A recent article at washingtonpost.com makes this transparently clear:
"... while families at all educational levels have benefited from rising home values and stock market gains, the better-educated have enjoyed skyrocketing wealth, with college graduates recording an average net worth four times greater in 2004 than that of high school graduates."
The article goes on to report that while the incomes of families headed by college graduates have improved substantially in recent decades, real incomes of families headed by those with only a high school diploma have actually fallen by as much as 11 percent during the same period.
In another article, the Associated Press reported U.S. census data showing that, on average, college graduates in America earn almost twice the income of those with only high school diplomas (the ratio increases to nearly three to one for those with advanced degrees).

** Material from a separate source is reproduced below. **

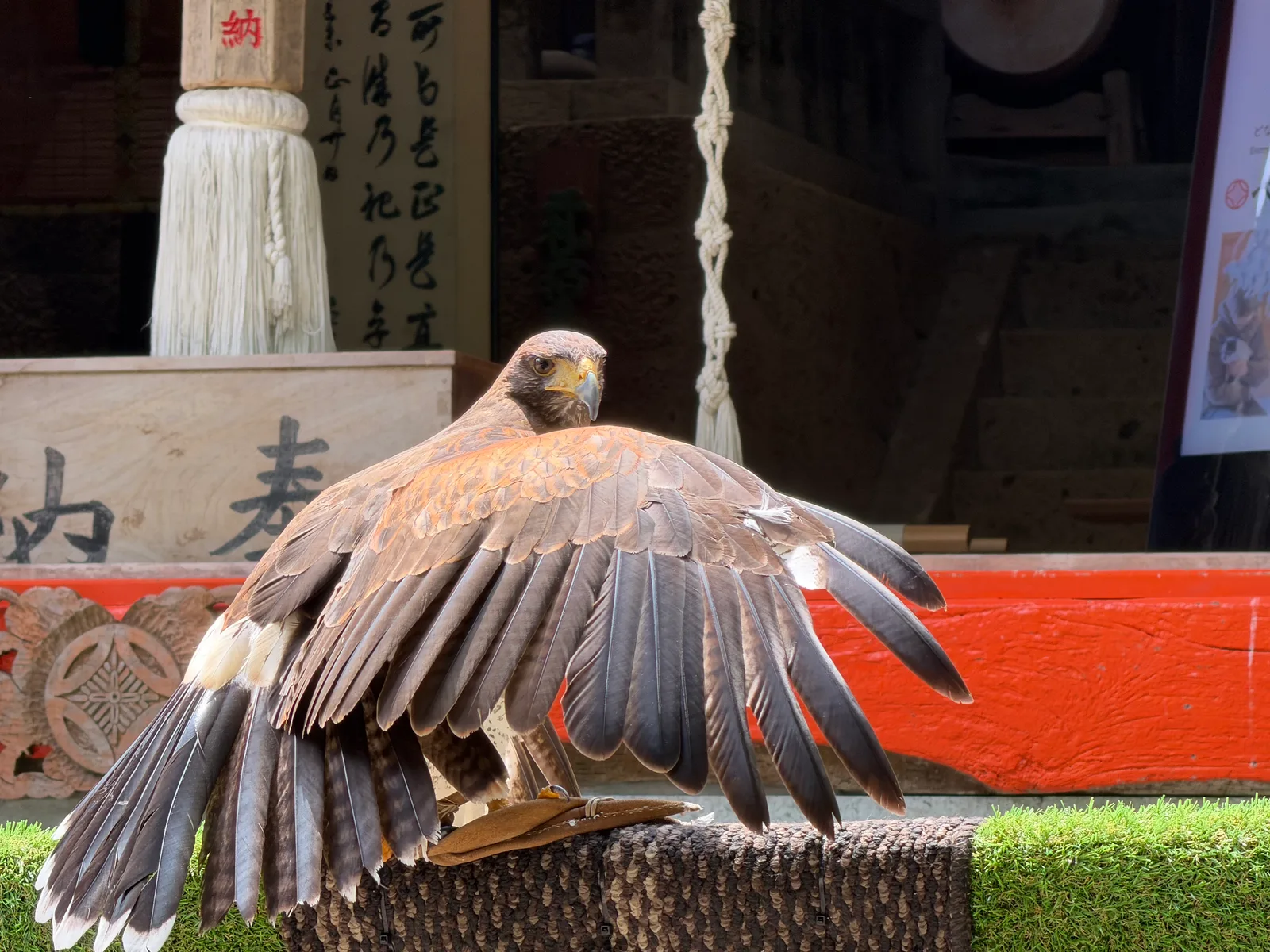 Matsuzaki, Japan — 19 June 2026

Nowadays, education is indeed the coin of the realm, and financial security and comfort necessarily require a good, university-level education. However, this in turn now increasingly depends on better elementary and secondary education than that available to most children in America (hence the phenomenal growth of the private practice education industry, of which I'm a part). Our educational system is producing inadequate results at best, relegating more and more young American students to the middle or bottom rungs of the ladder of international academic competitiveness. Because of an accelerating trend toward second-rate achievement in American schools, our teenagers will likely face increasing competition from more capable, better trained, more highly motivated foreign students clamoring to enter top American universities in the coming decades.
Our personal and national economic interests lie, therefore, in providing excellent basic education for our children, and on the rapid resuscitation of failing U.S. public schools. First of all, this means funding of good, public preschool programs for all youngsters in America, since universal preschool is by far the most powerful and cost effective way to quickly improve results in our schools, restore educational parity with the rest of the world, and ensure our future standing in the world economy.
Ultimately, American parents are the ones accountable for the success or failure of their own children. Following the bad examples of governmental leaders, corporate heads, sports figures, and others, Americans are becoming dishonest softies, for whom "playing by the rules" is only for fools, "discipline" and "rigor" are bad words, and "taking the easy way out" is the accepted norm. Parents who care and who know better simply cannot allow their children to fall behind in school. I'm always rather amazed and somewhat disheartened when perfectly capable high school students come to me for academic coaching addicted to their calculators (still not knowing their math facts by heart), unable to hand write legibly or organize their papers, etc. – that such basic deficiencies have been allowed to go uncorrected for so long.
In the current educational climate in America, often characterized by systemic sloppiness, grade inflation, cheating, corner-cutting, and general mediocrity, a good report card no longer guarantees actual competence or real accomplishment. Today, parents simply must take an intense interest in their children's early academic achievement. Without being obsessive, parents should micro-manage the progress of their children through the 6th grade, at least, to insure full mastery of essential academic skills. Otherwise, we as a nation risk losing the race in the new global market place. A cursory glance in the rear view mirror already shows China, India, and a host of other nations quickly gaining on us, threatening to take the lead.
More and more, it's all about basics.
And more than ever, it's more important than ever before.